TASK REQUIREMENTS
Pictures excluded, output the lines of the data below between the one holding "3D打印模型dForce Galactic Fighter" and the one holding "Layenberger High Protein", inclusive, exactly as they stand.

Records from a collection
********************

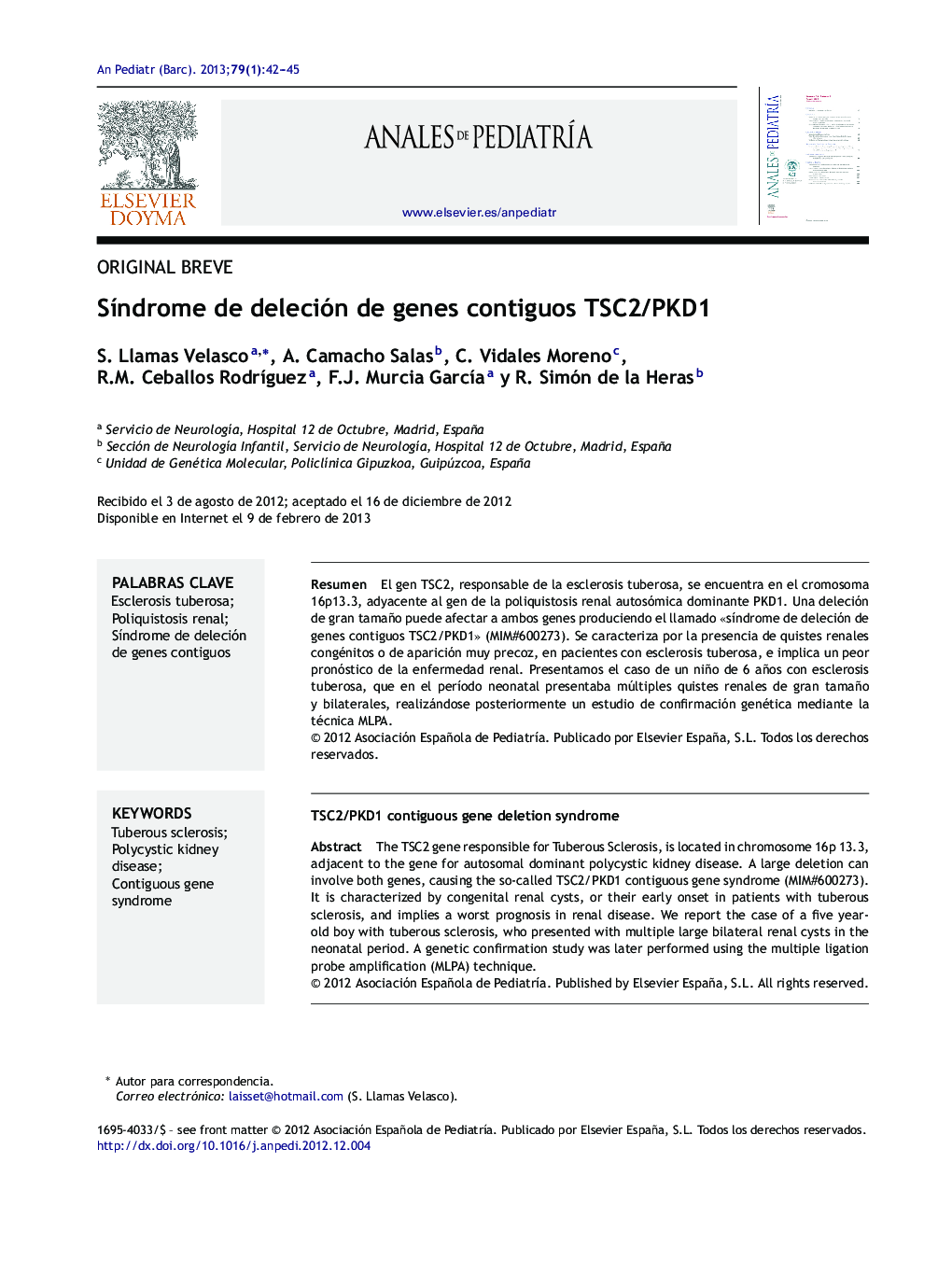 SÃ­ndrome de deleción de genes contiguos TSC2/PKD1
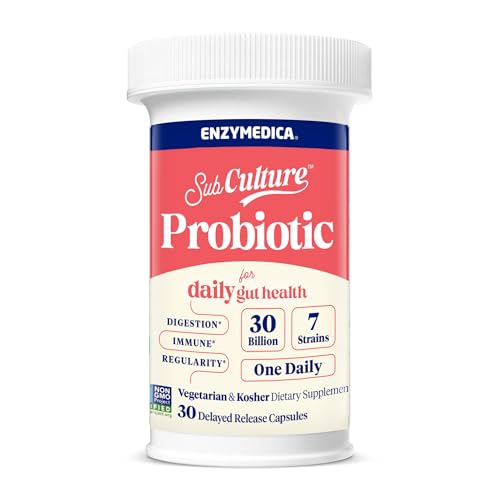 Enzymedica, SubCulture Probiotics for Men and Women, Capsules for Daily Gut Health, 30 Billion CFU + 7 Live Strains, Digestion, Regularity & Immune Health, Lactobacillus and Bifidobacterium, 30 Count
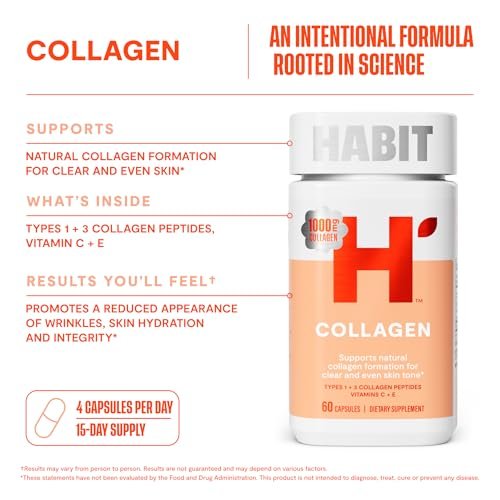 Habit Collagen Supplement (60 Kapseln) - 2000mg Kollagenpeptide, Vitamin C & Vitamin E für Hautgesundheit, Antioxidantien, Nicht-GVO, Glutenfrei (1 Packung)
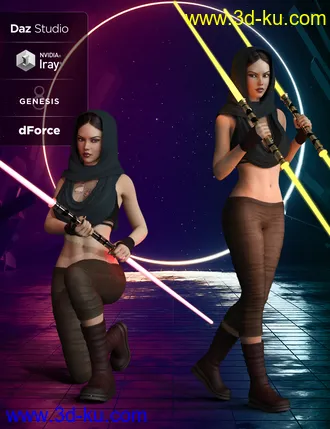 3D打印模型dForce Galactic Fighter II Outfit Set for Genesis 8 Female(s)的图片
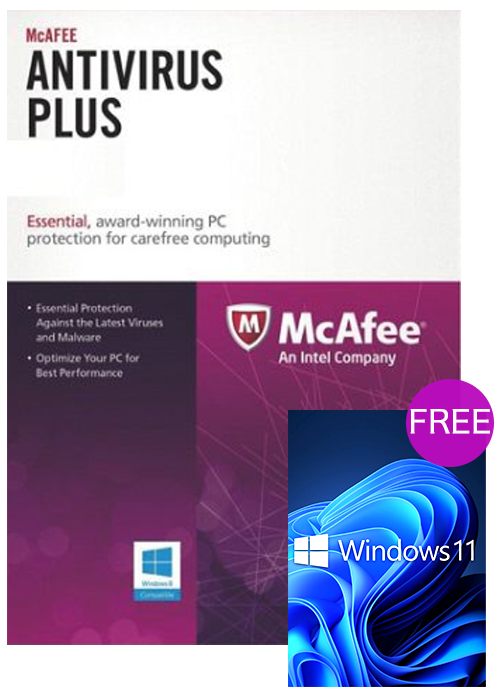 Official McAfee Antivirus 1 PC 1 YEAR Global(windows 11 pro oem free)
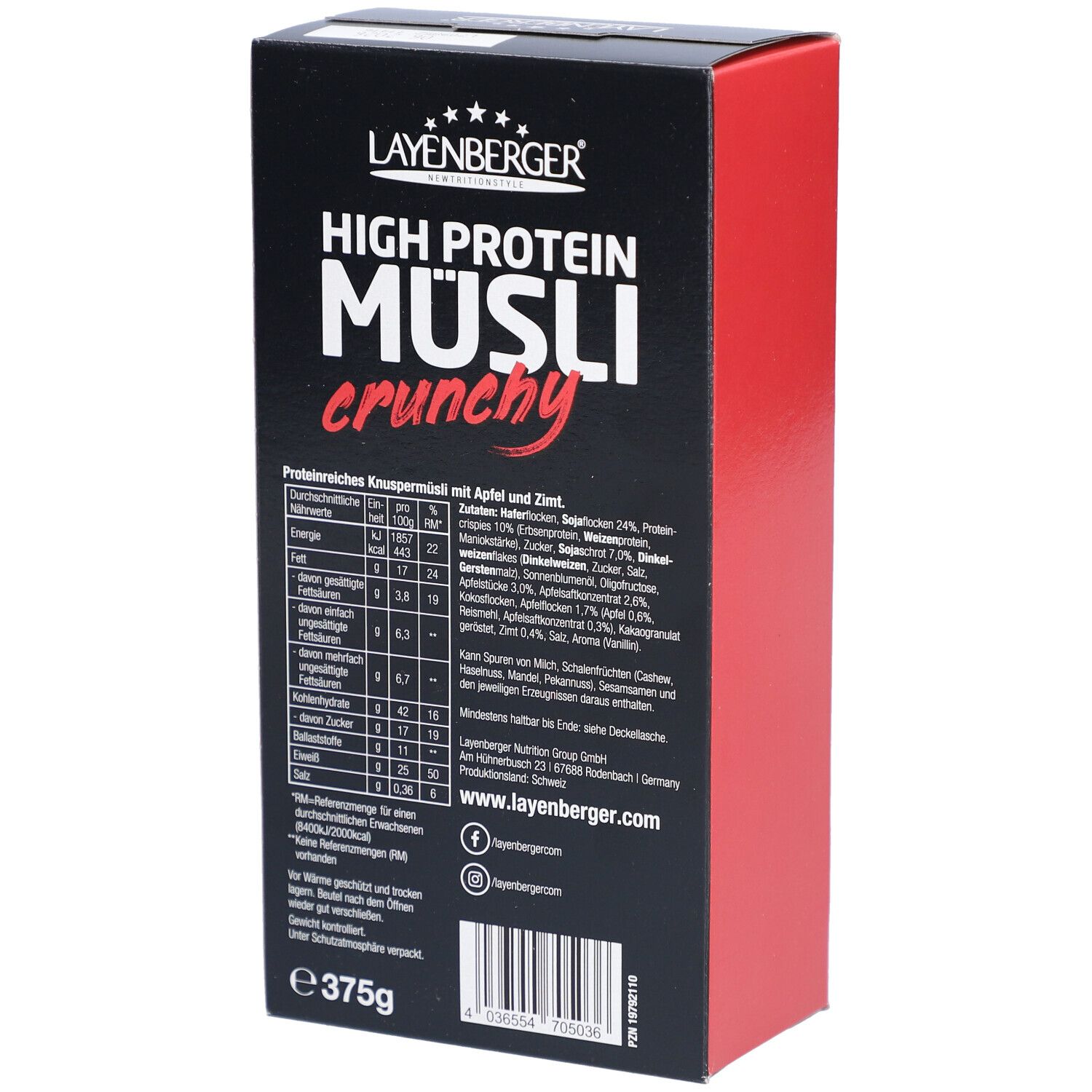 Layenberger High Protein Crunchy Müsli Apfel-Zimt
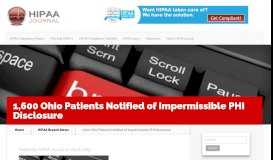 
							         1,600 Ohio Patients Notified of Impermissible PHI Disclosure								  
							    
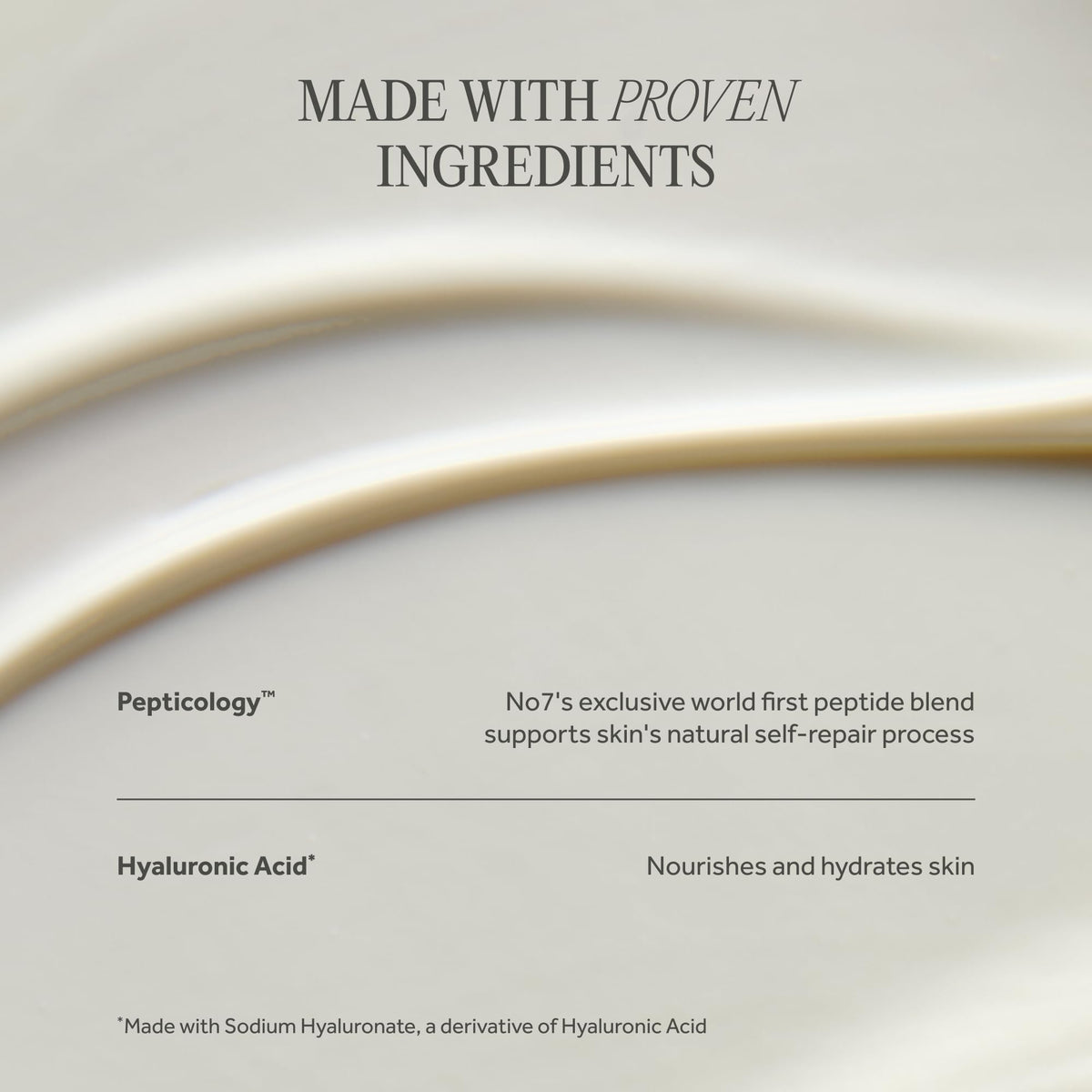 No7 ingredients label close-up displaying peptide technology
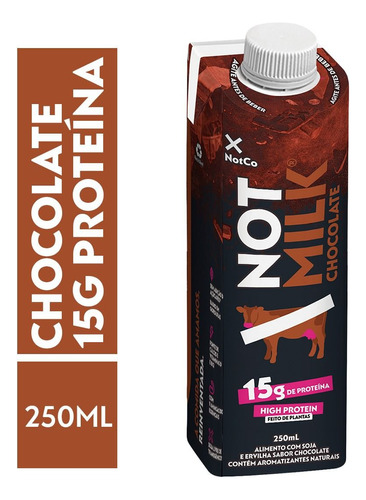 Bebida Vegetal High Protein 15g Chocolate 250ml Notmilk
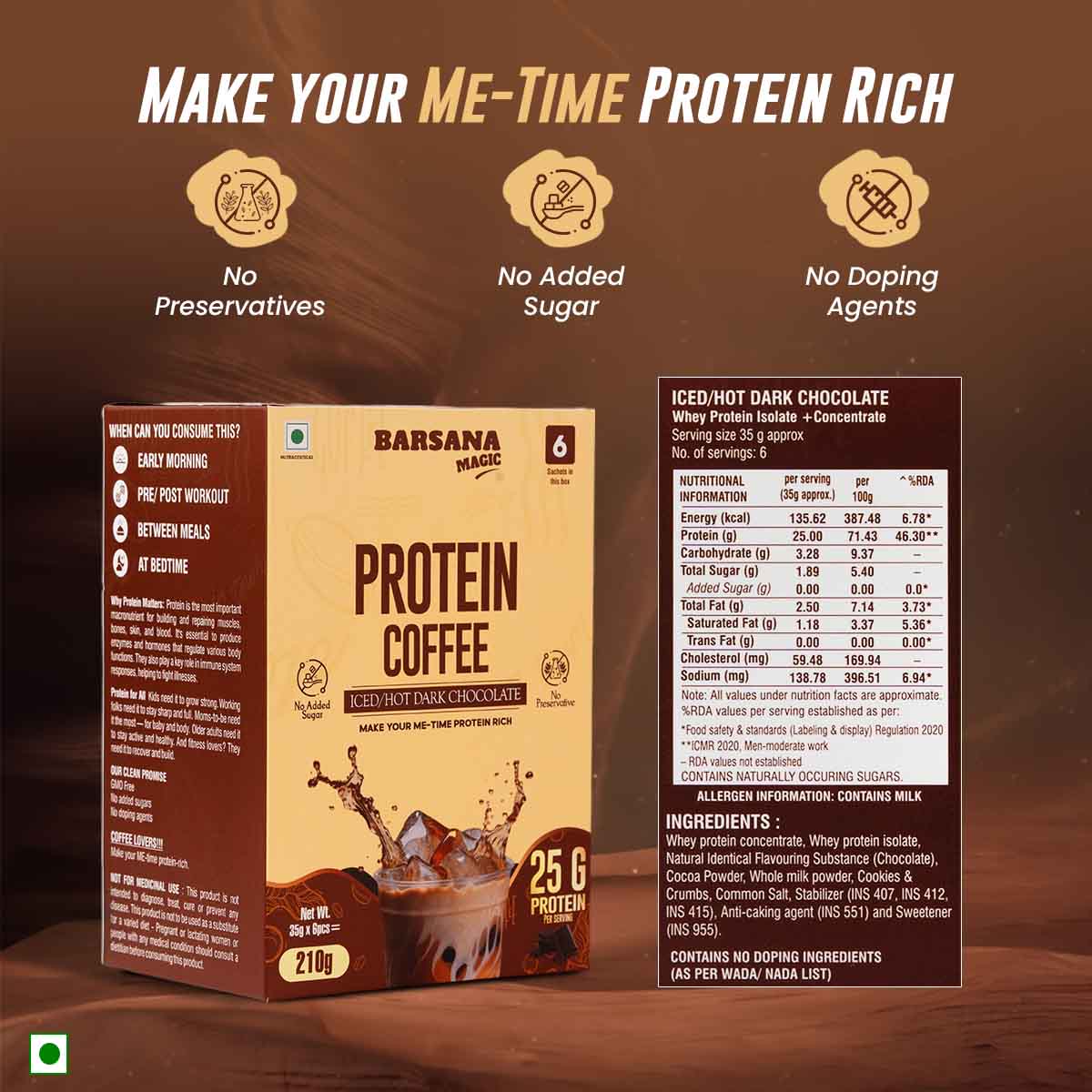 Barsana Magic and Protein Coffee package with nutritional information on a brown background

********************

YOUR RESPONSE
 3D打印模型dForce Galactic Fighter II Outfit Set for Genesis 8 Female(s)的图片
 Official McAfee Antivirus 1 PC 1 YEAR Global(windows 11 pro oem free)
 Layenberger High Protein Crunchy Müsli Apfel-Zimt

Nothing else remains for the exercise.